Иноков молчал. Затем так же спокойно проговорил:
— Я больше не хочу с вами работать.
«Начинается, — подумал Савинов, — так я и знал. Господи, и за что мне это наказание?». Он вздохнул. Снисходительно и одновременно требовательно спросил:
— Что значит «не хочу»?
— А то и значит. Не хочу и не буду.
— Ты… хочешь порвать наш контракт?
— Я уже порвал его.
Илья, не торопясь, встал с дивана, залез в один из ящиков стола, вытащил оттуда обрывки бумаги.
— Вот он, ваш контракт.
— Нашконтракт, — поправил его Савинов. Снисходительно кивнул на обрывки. — Сохранил, чтобы показать мне?

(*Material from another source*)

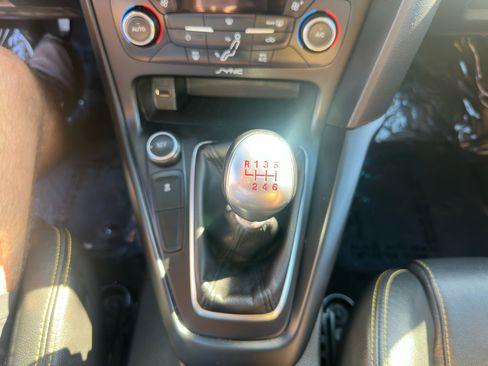 Used 2016 Ford Focus ST w/ Equipment Group 401A image 45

— Не ваше дело, — Илья что было сил сжал в кулаке обрывки. — Уходите.
— Ты прогоняешь меня?
— Да, это мой дом.
Заложив руки за спину, Савинов прошелся по комнате, по-хозяйски оглядывая работы и все время возвращаясь глазами к мольберту с укрытым тряпкой холстом в середине мастерской.

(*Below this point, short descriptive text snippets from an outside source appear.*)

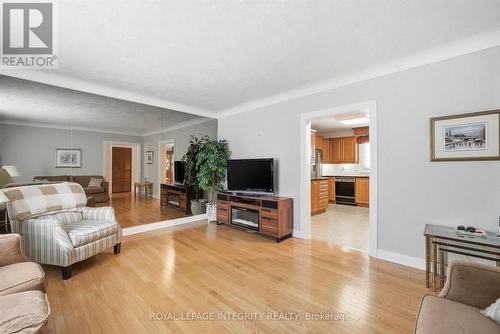 39 Appleford Street, Ottawa, ON - Indoor Photo Showing Living Room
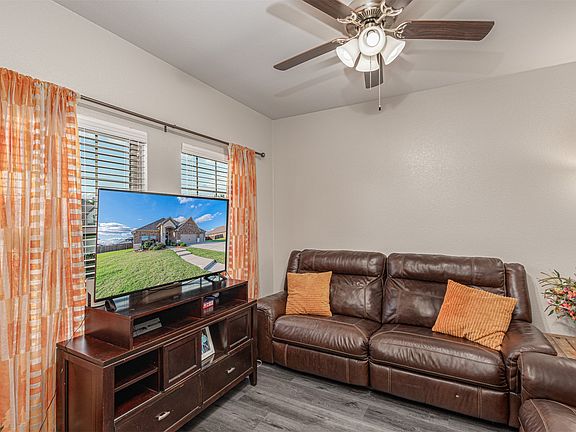 5th image of 536 Crabapple Dr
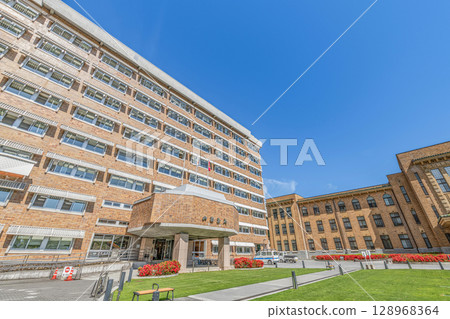 山梨縣甲府市山梨縣政府本廳舍及別館 128968364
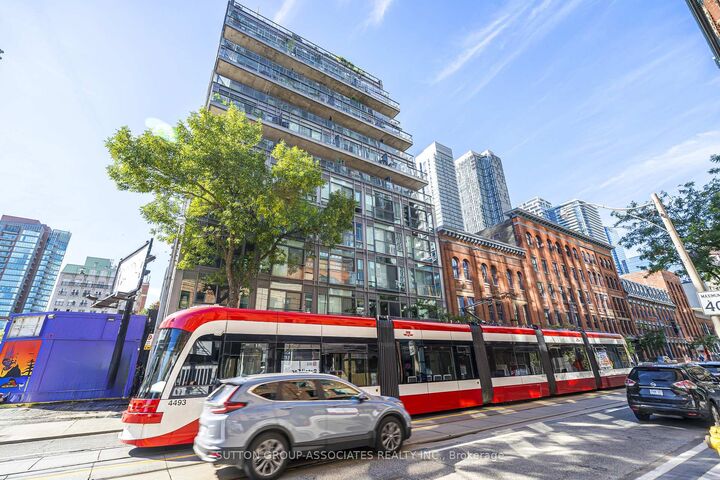 Property Photo:  127 Queen Street E 405  ON M5C 1S3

— Ну, это не только твой дом, — проговорил он. — Ответственный квартиросъемщик, насколько я знаю, твоя мать. И она, я думаю, вряд ли позволит вам лишиться всего: этой, в общем, неплохой квартиры, а другой у вас нет, свою вы продали; всех денег, которые лежат на вашем счету в банке.
— При чем тут наш дом?
— Как это при чем? Ты думаешь, мальчик, я был таким дураком, когда подписывал с тобойнашконтракт? И с твоей матерью? Ты думаешь, я не предполагал, что однажды у тебя, психопата, случится бзик, и ты плюнешь в лицо тому, кто открыл тебя миру? Кто создал из тебя маленького гения и готов был кричать об этом на каждом перекрестке? Ведь это я тебе дал простор для творчества, иначе бы тебя давно заплевали сверстники в той дыре, где ты родился. Да ты обязан мне больше, чем матери. Потому что ты бы задыхался в своей конуре, ел бы гнусную похлебку, которую бы тебе варили из квашеной капусты, — капусты, которую твоя мать так любит солить на зиму. У вас же каждый обед был как на поминках, вспомни! Нет, ты переехал в большой город. Ты можешь купить себе все без исключения, и у тебя хватит для этого денег. И вот теперь, после всего, ты хочешь выставить меня из этих стен? Это такая благодарность? И только потому, что я не поделился с тобой своей женой? Как чукча с заезжим на ночь гостем! — рявкнул он. — Или все обстоит не так?!